I'm trying to train a word2vec model using a file with about 170K lines, with one sentence per line.
I think I may represent a special use case because the "sentences" have arbitrary strings rather than dictionary words. Each sentence (line) has about 100 words and each "word" has about 20 characters, with characters like "/"
and also numbers.
The training code is very simple:
# as shown in http://rare-technologies.com/word2vec-tutorial/
import gensim, logging, os
logging.basicConfig(format='%(asctime)s : %(levelname)s : %(message)s', level=logging.INFO)
class MySentences(object):
def __init__(self, dirname):
self.dirname = dirname
def __iter__(self):
for fname in os.listdir(self.dirname):
for line in open(os.path.join(self.dirname, fname)):
yield line.split()
current_dir = os.path.dirname(os.path.realpath(__file__))
# each line represents a full chess match
input_dir = current_dir+"/../fen_output"
output_file = current_dir+"/../learned_vectors/output.model.bin"
sentences = MySentences(input_dir)
model = gensim.models.Word2Vec(sentences,workers=8)
Thing is, things work real quick up to 100K sentences (my RAM steadily going up) but then I run out of RAM and I can see my PC has started swapping, and training grinds to a halt.

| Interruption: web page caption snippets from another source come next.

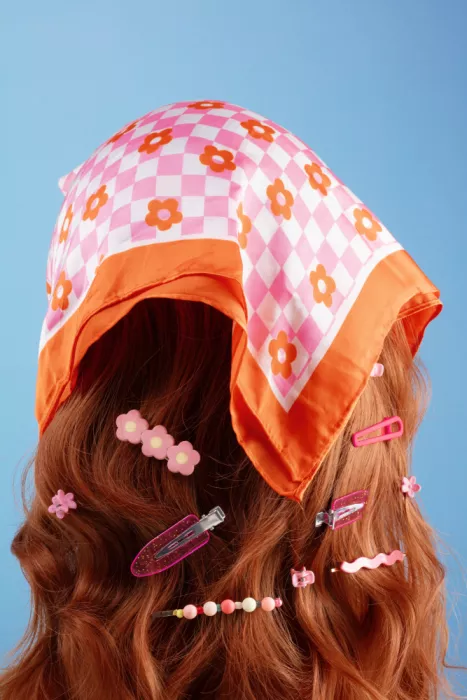 Ramiro, Julia: Cheveux rouges avec accessoires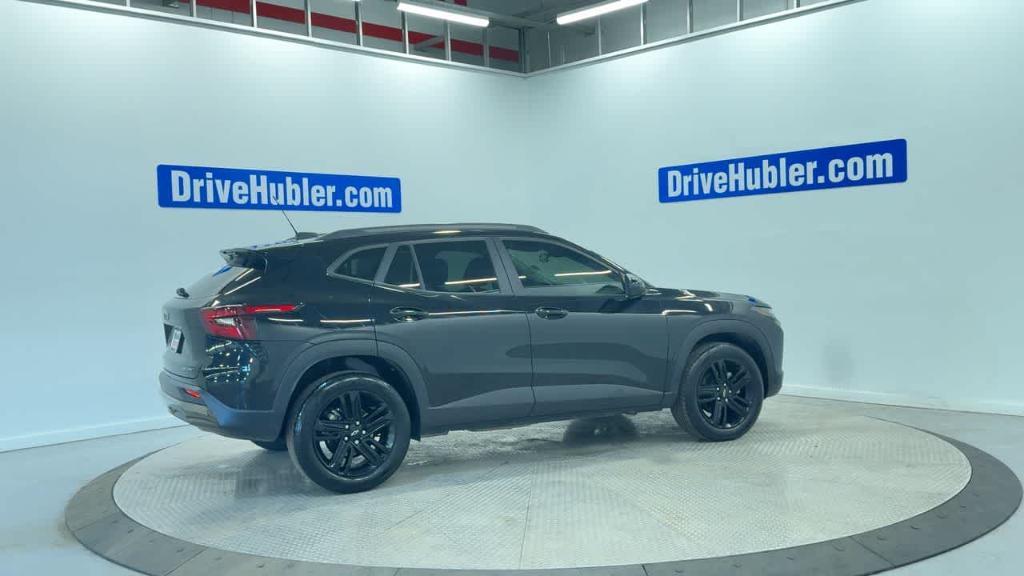used 2025 Chevrolet Trax car, priced at $25,000
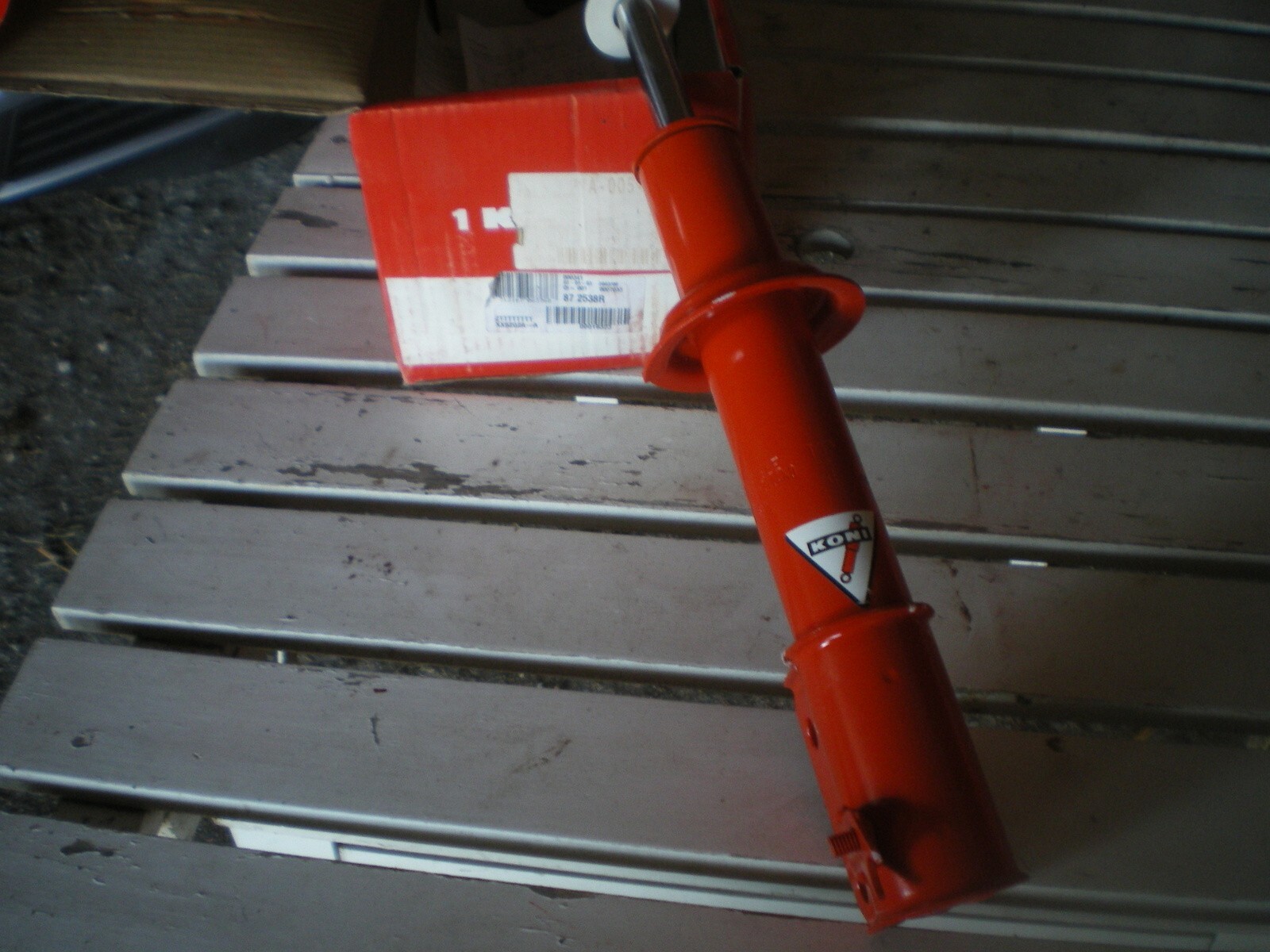 Amortisseurs Koni 87.2538 avant neufs en acier pour Daihatsu Charade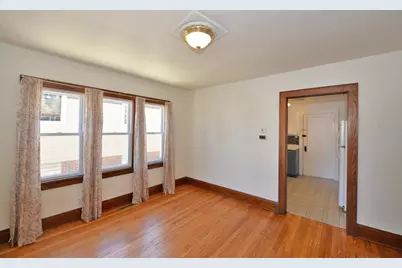 2931  Olive St, Racine, WI 53403 - Photo 6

I don't have a lot of RAM available, only about 4GB and word2vec
uses up all of it before starting to swap.
I think I have OpenBLAS correctly linked to numpy: this is what numpy.show_config()
tells me:
blas_info:
libraries = ['blas']
library_dirs = ['/usr/lib']
language = f77
lapack_info:
libraries = ['lapack']
library_dirs = ['/usr/lib']
language = f77
atlas_threads_info:
NOT AVAILABLE
blas_opt_info:
libraries = ['openblas']
library_dirs = ['/usr/lib']
language = f77
openblas_info:
libraries = ['openblas']
library_dirs = ['/usr/lib']
language = f77
lapack_opt_info:
libraries = ['lapack', 'blas']
library_dirs = ['/usr/lib']
language = f77
define_macros = [('NO_ATLAS_INFO', 1)]
openblas_lapack_info:
NOT AVAILABLE
lapack_mkl_info:
NOT AVAILABLE
atlas_3_10_threads_info:
NOT AVAILABLE
atlas_info:
NOT AVAILABLE
atlas_3_10_info:
NOT AVAILABLE
blas_mkl_info:
NOT AVAILABLE
mkl_info:
NOT AVAILABLE
My question is: is this expected on a machine that hasn't got a lot of available RAM (like mine) and I should get more RAM or train the model in smaller pieces? or does it look like my setup isn't configured properly (or my code is inefficient)?
Thank you in advance.
1) In general, I would say no. However, given that you only have a tiny amount of RAM, I would use a lower number of workers. It will slow down the training, but maybe you can avoid the swap this way.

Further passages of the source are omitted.